Autism Vs Speech Apraxia: What is the Link?

by Team Stamurai

Children with autism (ASD) often experience delayed speech and language development. They may show reluctance in communicating verbally. It poses a challenge for parents since autism may not occur alone!

Experts on developmental disorders in children now recommend that non-speaking (non-verbal) children with autism should undergo screening for apraxia of speech. The evaluation may not be as simple or easy since children with ASD may require more than one session to feel comfortable.

Apraxia or childhood apraxia of speech (CAS) is a rare motor speech disorder that affects 1 or 2 in 1000 children in the US.

Apraxia: The Severity Is a Spectrum

The symptoms of apraxia depend upon the severity of the condition.

A child with mild apraxia of speech may say an entire sentence with some stuttering.

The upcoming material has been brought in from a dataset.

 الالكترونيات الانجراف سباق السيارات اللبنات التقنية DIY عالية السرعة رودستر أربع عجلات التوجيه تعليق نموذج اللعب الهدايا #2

Another child with severe apraxia may not be able to say a word correctly without multiple repetitions and extensive support.

However, in the cases of children with autism, the signs of apraxia may become incredibly difficult to notice because of the already present atypical vocalizations, use of jargon, and self-stimulatory behaviors.

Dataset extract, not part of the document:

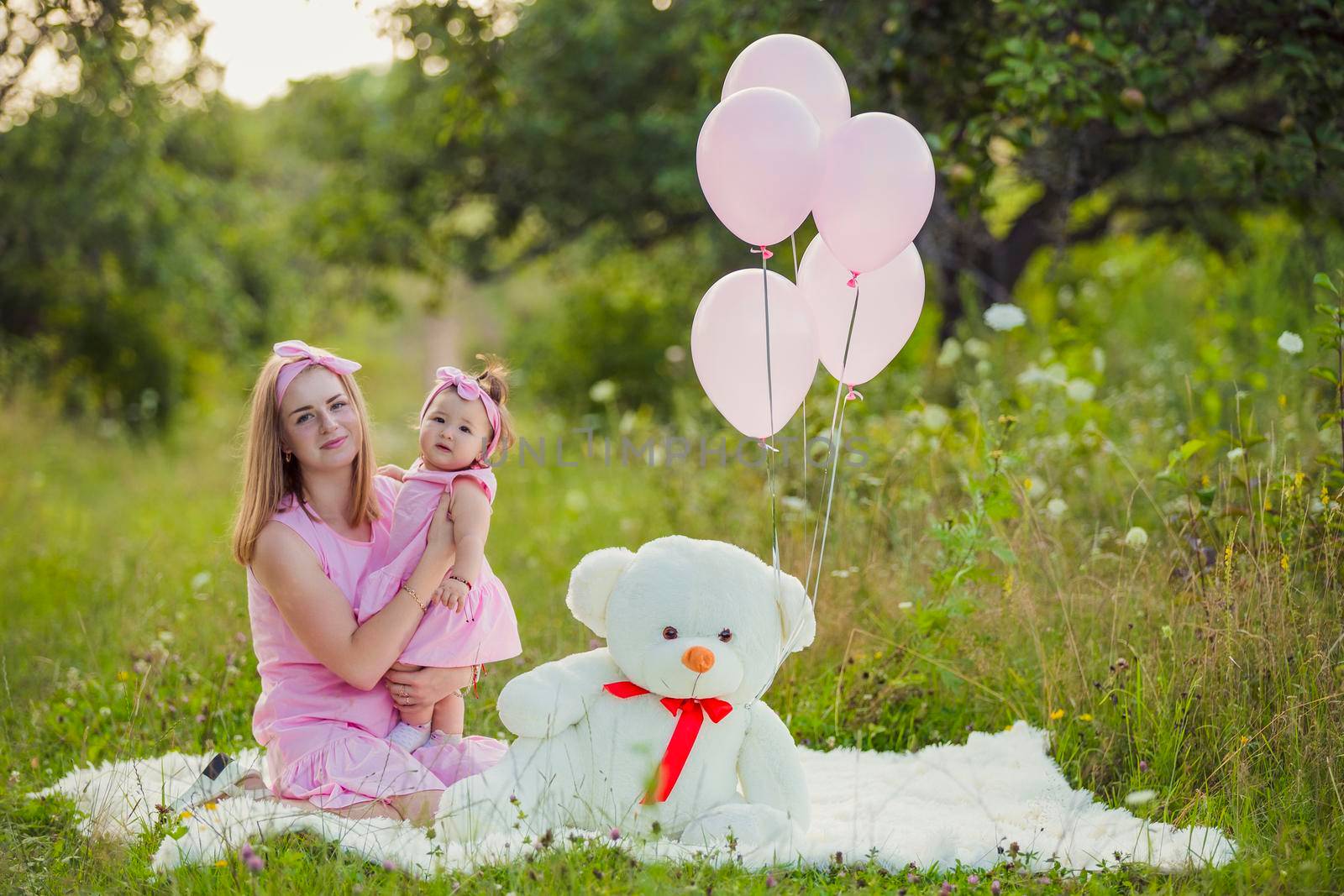 mother and daughter in pink dresses and with pink balloons in nature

Some of the more common symptoms of apraxia include –

Distortion of Sounds

Children with apraxia may not be able to move their tongue, lips, and jaw muscles coherently to produce a target sound. It results in the distortion of sounds.

Inconsistencies in Sound Errors

A child may say the same word differently each time during conversation or therapy. It may also happen that they say a word perfectly one day but they cannot say it correctly the very next day.

Errors in Prosody

A child with apraxia is typically unable to use the same stress, rhythm, or tone while saying the same word repeatedly.

Groping For Sounds

The said child may have to attempt multiple times to move their articulators correctly to produce a target sound.

Children who don’t have autism, but only apraxia, can understand language as per their developmental level. However, those with autism and apraxia have trouble understanding and producing spoken language.

Atypical Vocalizations and Autism

Children on the autism spectrum can exhibit specific phonological patterns. These are distinct and should not be confused with echolalia in children with autism.

Studies conducted by Schoen et al on 30 toddlers diagnosed with autism show that all of them produced atypical vocalizations whereas the control population did not. A subsequent study showed that children with autism performed worse when given phonetic targets or specific words to match.

Using these studies, as well as, conducting their own research, Shriberg et. al. concluded that children with autism are more likely to make frequent errors in speech sounds and prosody. There is also a high likelihood of children with ASD to experience speech delay.

Apraxia and Autism: They Frequently Occur Together

A study published in 2015 showed that 64% of the children initially diagnosed with ASD also have apraxia. 36.8% of the children diagnosed with apraxia of speech also had autism, and 23.3% of the children received a dual diagnosis.

With improved evaluation and testing models, more children are receiving a dual diagnosis of apraxia and autism (autism spectrum disorder, or ASD). The previously mentioned study showed a diagnostic precision (autism) of 96.7%.

Studies conducted by the Penn State Milton S. Hershey Medical Center show that childhood apraxia of speech is common among children with ASD.

They referred to the checklist for autism spectrum disorder (CASD) for this study to show that children are not being overdiagnosed with either of the disorders.

The new finding seems to support the hypothesis that apraxia may be the reason many children diagnosed with ASD do not develop speech. Most children with ASD have praxis deficits that influence the imitation and execution of speech production along with a range of other motor commands.

Evaluating Apraxia in Children with Autism

It makes the diagnosis of apraxia particularly challenging in children with ASD who don’t use verbal communication. The evaluation process requires children to say at least a few words before a conclusive diagnosis of apraxia of speech can be made.

As a result, some parents may have to wait almost a year or longer to receive a proper assessment and diagnosis.

The presence of social communication disorder (SCD) in combination with delayed onset of speech poses a dire challenge during the evaluation process.

A trained child psychologist should be able to diagnose autism spectrum disorder in kids as young as 3-years old. To get your child evaluated for apraxia of speech, you should speak to a speech-language pathologist who has the experience of working with children with ASD.